Welding wire for high-strength steel

Abstract

A welding wire for high-strength steel for improving slag coagulation includes a combination of Carbon, Manganese, Silicon, Aluminum, Sulfur, and Selenium. With use of the welding wire, the generation of slag is minimized, and the slag is allowed to induce the generation of crystalline oxides having a low surface energy, so that the slag is easily removed, and the flow of a molten pool to the center in a width direction of a weld bead do that the slag is coagulated.

Claims

1. A welding wire for high-strength steel for improving slag coagulation, the welding wire essentially consisting of: in terms of weight percent relative to the total weight thereof, 0.09-0.11% C, 0.2-0.4% Mn, 0.3-0.65% Si, 0.03-0.04% Al, 0.05-0.07% S, 0.005-0.01% Se, and a remainder composed of Fe and impurities whereas such effects of narrowing ranges of a combination of elements improves slag coagulation.

2. The welding wire of claim 1, wherein the weight ratio of Mn:Al:Si is 3:2:3.

3. The welding wire of claim 1, wherein an AlMnSi-based crystalline oxide is generated as slag resulting from a welding process.

4. The welding wire of claim 3, wherein the AlMnSi-based crystalline oxide is Mn3Al2Si3O12.

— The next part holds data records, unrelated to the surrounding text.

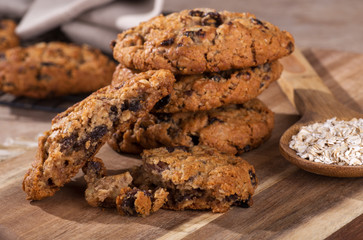 Stack of Oatmeal Raisin Cookies on a Wooden Board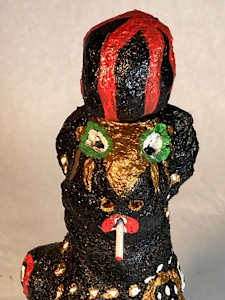 Black face with green eyes smoking and wearing black and red striped hat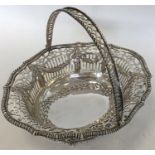 A Georgian silver basket attractively decorated wi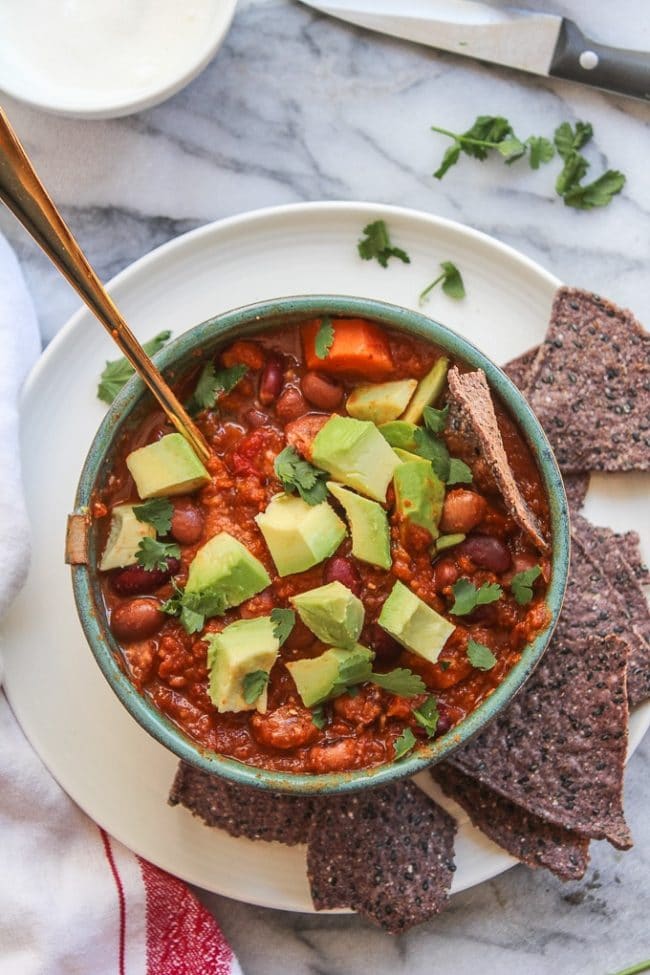 Chunky Vegetarian Chili in a bowl topped with avocado and blue tortilla chips 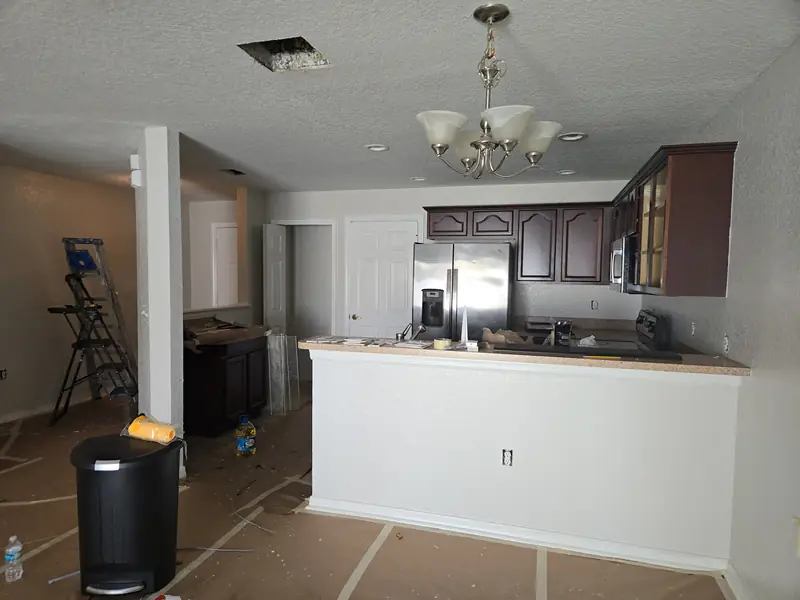 Kitchen and dining area, freshly painted and move-in ready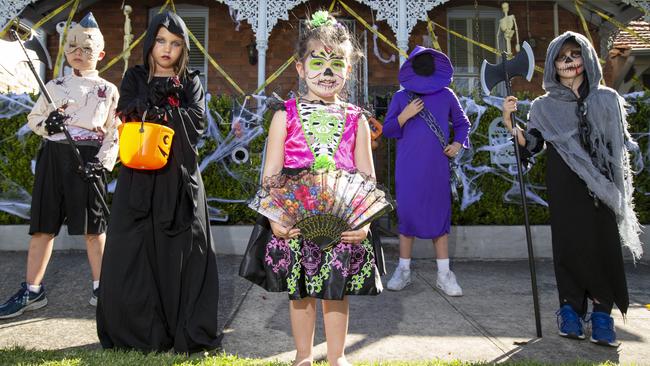 Harvey, 8, and Mischa, 8, and Ella, 3, Samuel, 10, and Joshua, 7, prepare for trick-or-treating. Picture: Justin Lloyd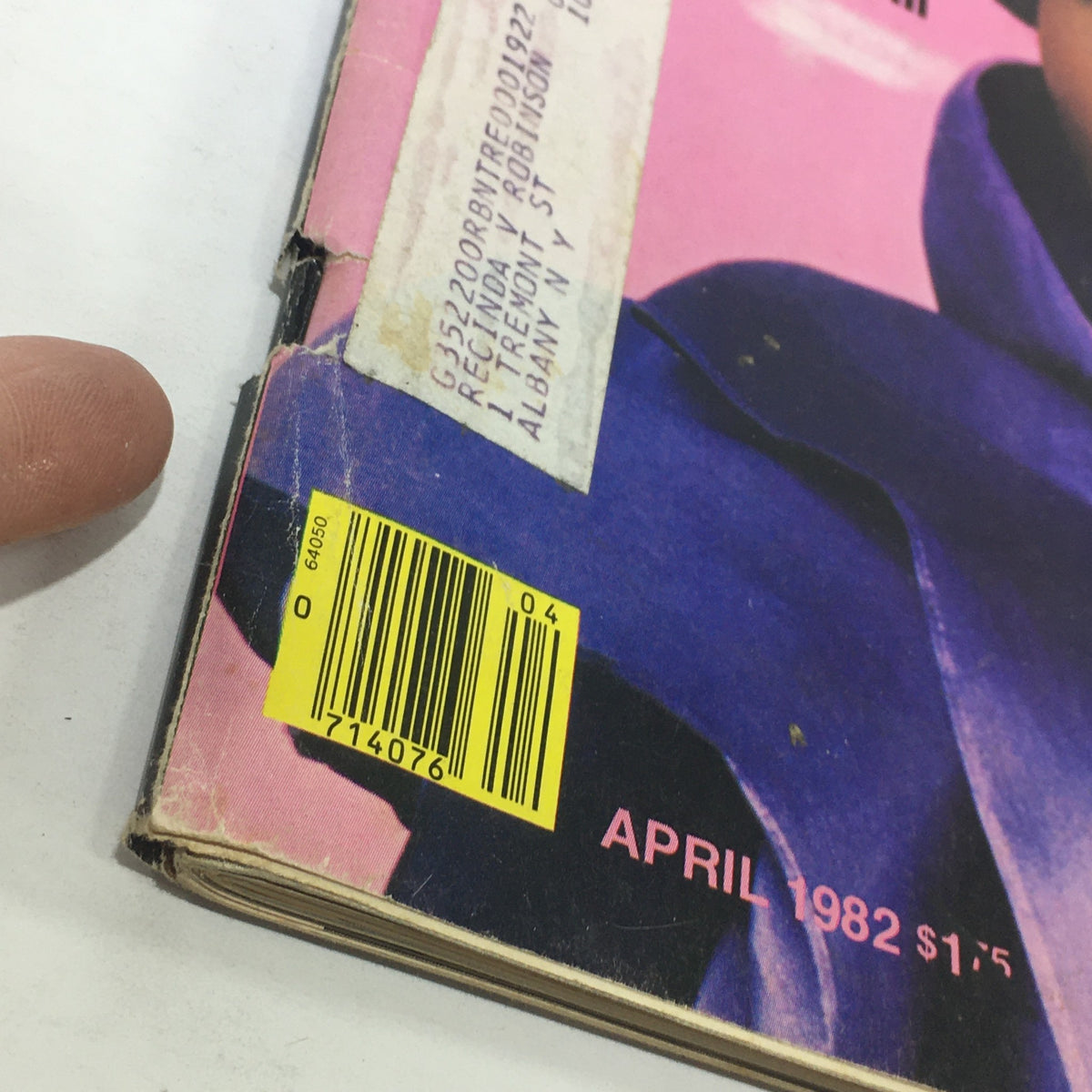 Detailed angle of the back cover of Ebony Magazine April 1982, showcasing the magazine's barcode and wear signs, emphasizing its vintage status.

5. The welding wire of claim 1, further forms a molten pool during a welding process, the pool flowing to a center portion in a width direction of a weld bead, thereby allowing a generated slag to be concentrated on the center portion.

Description

BRIEF DESCRIPTION OF THE DRAWINGS

(1) The above and other objects, features, and advantages of the present disclosure will be more apparent from the following detailed description taken in conjunction with the accompanying drawings, in which:

(2) FIG. 1 is a diagram illustrating slag remaining between a weld bead and a base material after welding;

(3) FIG. 2 provides diagrams comparing arc welding using a conventional welding wire and arc welding using a welding wire for high-strength steel according to various examples of the present disclosure;

(4) FIG. 3 is a graph comparing surface energy among various crystalline oxides;

(5) FIG. 4 provides images showing the formation of weld bands at the time of welding in various examples and comparative examples in table 1; and

(6) FIG. 5 is a diagram comparing paintability according to the selenium (Se) content.

DETAILED DESCRIPTION OF THE PREFERRED EMBODIMENTS

(7) Hereinafter, preferred embodiments of the present disclosure will be described in detail with reference to the accompanying drawings. However, the present disclosure is not restricted or limited to the embodiments. For reference, like numerals substantially refer to like elements throughout the present specification, and can be described with reference to contents described in other drawings in the following description, and the contents that are determined to be apparent to those skilled in the art or that are repeated may be omitted.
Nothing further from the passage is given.